DUBLIN--(BUSINESS WIRE)--Avolon (“Avolon” or the “Company”) (NYSE: AVOL), the international aircraft leasing company, announces that, at the extraordinary general meeting held today, the Company’s shareholders voted in favor of the proposal to authorize and approve the previously announced Merger Agreement, dated September 3, 2015 (the “Merger Agreement”), among Bohai Leasing Co., Ltd. (“Parent”), Mariner Acquisition Ltd. (“Merger Sub”) and the Company, pursuant to which the Company will merge with and into Merger Sub with the Company surviving the merger as a wholly-owned indirect subsidiary of Parent (the “Merger”), and to authorize, approve and confirm the transactions contemplated by the Merger Agreement, including the Merger. The Company’s shareholders also voted in favor of the proposals to amend and restate the Company’s memorandum and articles of association and to decrease and amend the Company’s authorized share capital, in both cases upon the completion of the Merger. The proposals approved at today’s extraordinary general meeting are described in detail in the Company’s Proxy Statement, filed with the Securities and Exchange Commission on September 28, 2015, as an exhibit to the Company’s 6-K.

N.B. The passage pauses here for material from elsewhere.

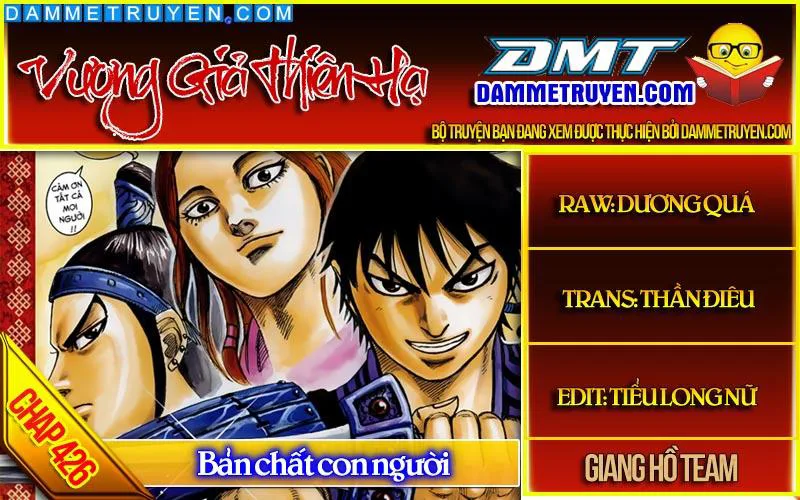 Vương Giả Thiên Hạ chương 426 - trang 1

Approximately 87.5% of the Company’s total outstanding voting shares voted in person or by proxy at today’s extraordinary general meeting, with approximately 99.8% of those shares voting in favor of the proposal to authorize and approve the Merger Agreement and the transactions contemplated by the Merger Agreement.
The parties currently expect to complete the Merger no later than the first quarter of 2016, subject to the satisfaction or waiver of all conditions set forth in the Merger Agreement. Upon completion of the Merger, the Company will become a privately held company and its common shares will no longer be listed on the New York Stock Exchange.

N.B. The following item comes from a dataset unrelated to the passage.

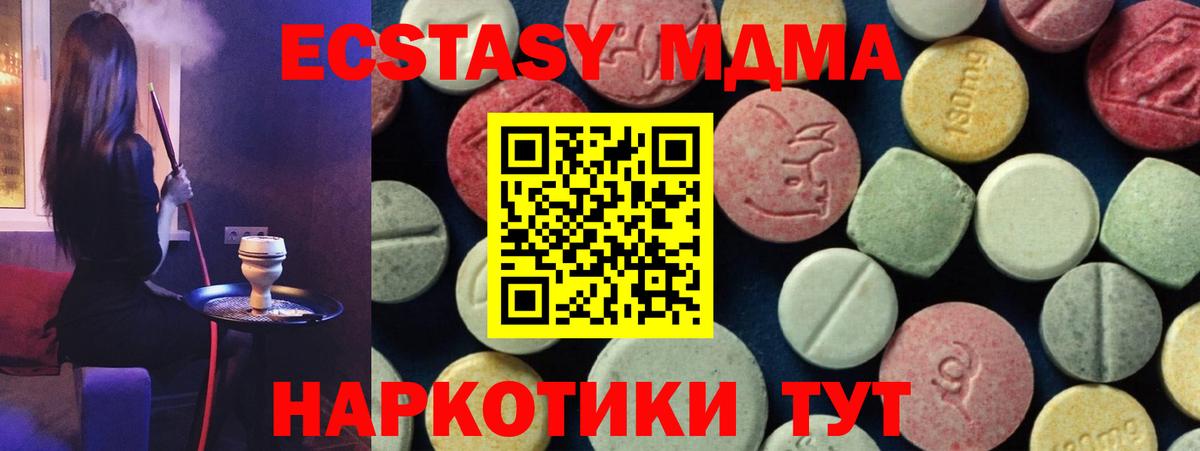 MDMA VHQ Клин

Headquartered in Ireland, with offices in the United States, Dubai, Singapore and China, Avolon provides aircraft leasing and lease management services. Avolon had an owned, managed and committed fleet of 258 aircraft serving 56 customers in 33 countries as of September 30, 2015. Avolon is listed on the New York Stock Exchange, under the ticker symbol AVOL.

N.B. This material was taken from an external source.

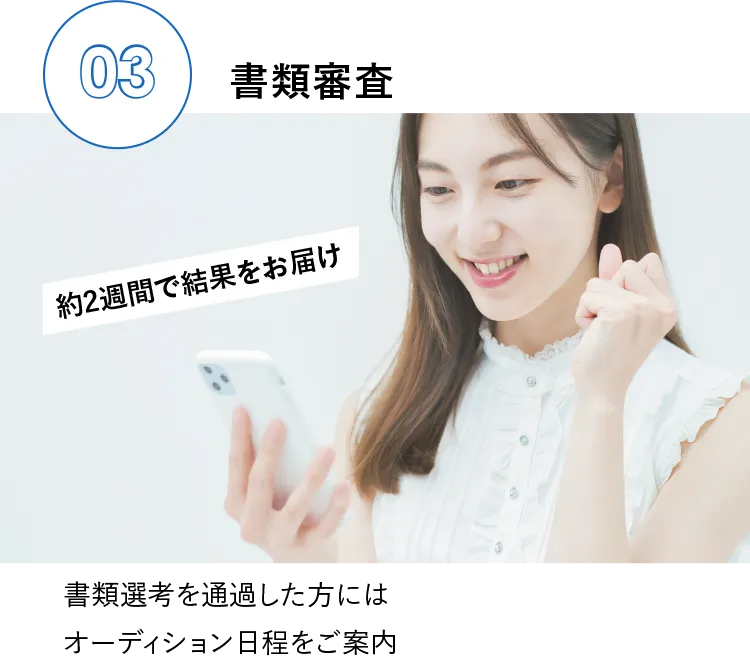 書類審査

Note Regarding Forward-Looking Statements
This announcement may include certain statements that are not descriptions of historical facts, but are forward-looking statements. Such statements include, among others, those concerning expected benefits and costs of the Merger; management plans relating to the Merger; the expected timing of the completion of the Merger; the parties’ ability to complete the Merger considering the various closing conditions, as well as all assumptions, expectations, predictions, intentions or beliefs about future events. Forward-looking statements can be identified by the use of forward-looking terminology such as “will,” “should,” “may,” “believes,” “expects” or similar expressions. All of such assumptions are inherently subject to uncertainties and contingencies beyond Avolon’s control and based upon premises with respect to business decisions that are subject to change. Avolon does not undertake any obligation to update any forward-looking statement, except as required under applicable law.